When we talk about being watched at Harvard, we always pin the blame on the tourists. Yes, it’s awkward when you accidentally walk into a stranger’s vlog and they keep the camera directly on your face, but we’re forgetting our most dedicated audience: Harvard’s beloved urban wildlife. They saw your shame when you trudged through the Yard, drenched in rain because you forgot your umbrella. They were there when you were stood up in front of Lamont. And they were there when you took one step outside your dorm building and realized you’d left your keys in your room. So here’s Flyby’s ranking of the urban wildlife on campus. Because let’s be real: they’re ranking us, too.

7. Roaches

People act like these guys are a staple of the Harvard experience, but they’re just unnecessary. Nothing like walking around to the back basement entrance because the roach in front of the main entrance contributes to my growth or development.

6. Centipedes

I despise these creatures, but they are good for one thing: a lesson in perspective. Are you nervous for a test? For an upcoming interview? For your professor to roast the living daylights out of your essay? Go into your dorm, turn off the lights, and google ‘house centipede’. Suddenly, your professor taking a wrecking ball to your self-esteem is exactly what you need today.

5. Rats

Rats are nightmarish little things — especially when their stomping through the classroom ceilings is louder than your TF’s voice — but Open Letter to the Rats of Harvard really made me feel for these forsaken creatures. Maybe they’re just misunderstood.

4. Birds

The birds here aren’t the most entertaining in the world, but they’re surprisingly unafraid of humans. Besides their incessant 7 a.m. squawking, they’re alright.

3. Dogs

Don’t get me wrong, I love puppers, but they’re going to have to take the number 3 spot. They’re adorable and surprisingly obedient, but there is so much FOMO that comes with watching proctors walk their dogs. When you first see them, you go “Aww! A doggo!” but five seconds later, you go “I want one too :(”

2. Turkeys.

Those turkeys prowling the Yard make me so self-conscious. Sometimes they’re ambling down the street like they’re looking for someone to rob. Sometimes they’re sitting on the grass, watching people zone out through their million-page readings, watching athletes zoom by on their light-up scooters (seriously, where did you guys get those?), watching STEM students scramble through their psets as if they’re not about to be assigned five more as a reward for their hard work. And through it all, they’re staring us down, more judgmental than Harvard students watching tourists try to touch John Harvard’s foot.

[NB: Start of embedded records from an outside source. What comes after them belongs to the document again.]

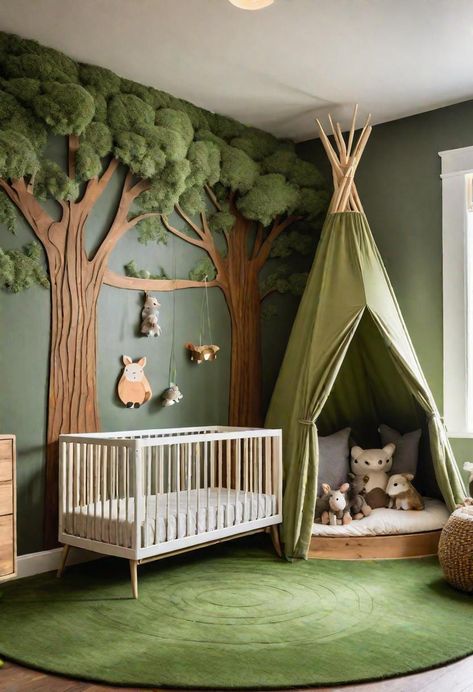 Non Toxic Nursery, Nature Theme Nursery, Hobbit Nursery, Roman Room, Enchanted Forest Nursery Theme, Camera Montessori, Forest Baby Rooms, Forest Nursery Theme, Organization Nursery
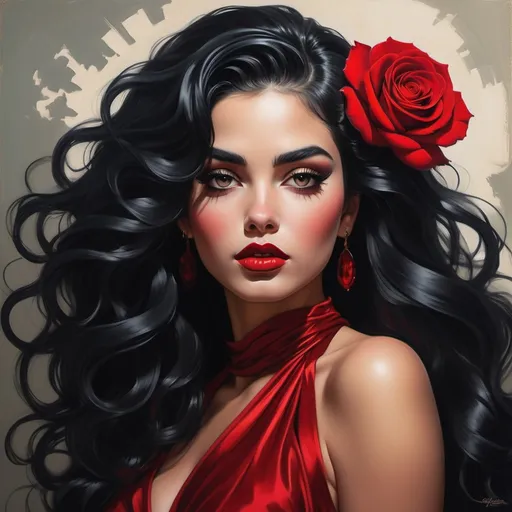 Prompt: Radiating elegance, a striking figure captivates the viewer with her lush, voluminous black hair cascading in waves, adorned with a vibrant red rose that complements her bold aesthetic. Her piercing gaze, framed by long lashes and highlighted by perfectly arched brows, emphasizes her luscious lips painted in a deep red, exuding confidence and allure. Dressed in a stylish black top embellished with intricate floral designs, she pairs it with ornate jewelry featuring a central gemstone and elaborate earrings that gently sway with her movements. Behind her, an opulent background of golden hues and swirling floral patterns creates a luxurious atmosphere, enhancing the enchanting narrative of beauty and sophistication. The overall composition encapsulates a sense of timeless glamour, inviting intrigue and admiration.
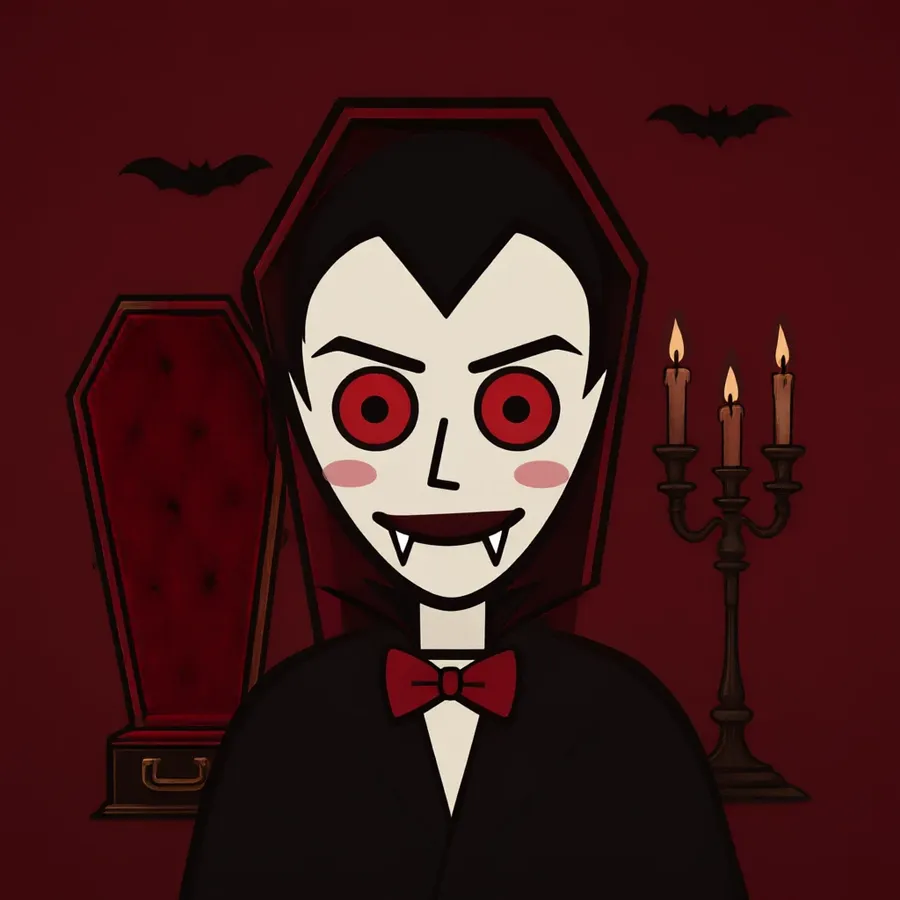 An open crimson coffin under a candelabra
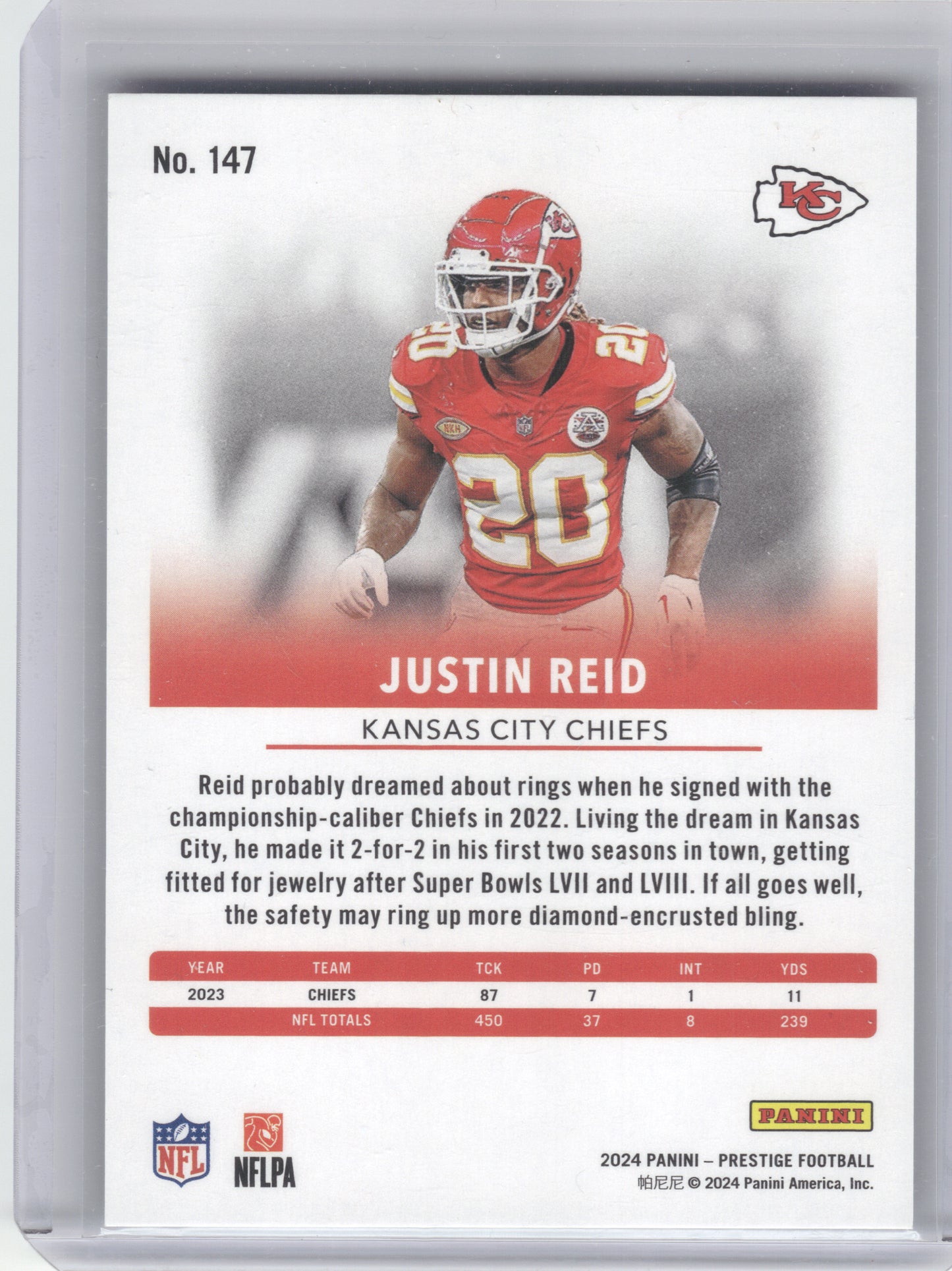 2024 Panini Prestige #147 Justin Reid Green Xtra Points #/299 Kansas City Chiefs SN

The roundhouse-kicked squirrel and its slightly apologetic attacker.
The roundhouse-kicked squirrel and its slightly apologetic attacker. By Evangeline J. Gilmer

1. Squirrels.

There’s nothing more hardcore than a Harvard squirrel. One used to eat in the tree outside my window every morning so loudly that I couldn’t even snooze my alarm. I caught another literally trying to bite into a pole. And last, but certainly not least, I watched an adult squirrel scurry up a high tree and roundhouse kick its two babies off a branch. One stuck the landing and scurried away. The other face planted on the ground and lay there shaking for a bit (he was okay, I think).

At the end of the day, though, we love all our wildlife here at Harvard despite its quirks and faults. After all, it was a human that took the last plum in the dhall — not a rat.

Disclaimer: Remy the Cat was not ranked in this, because he is not part of the “wildlife.” He is our supreme leader.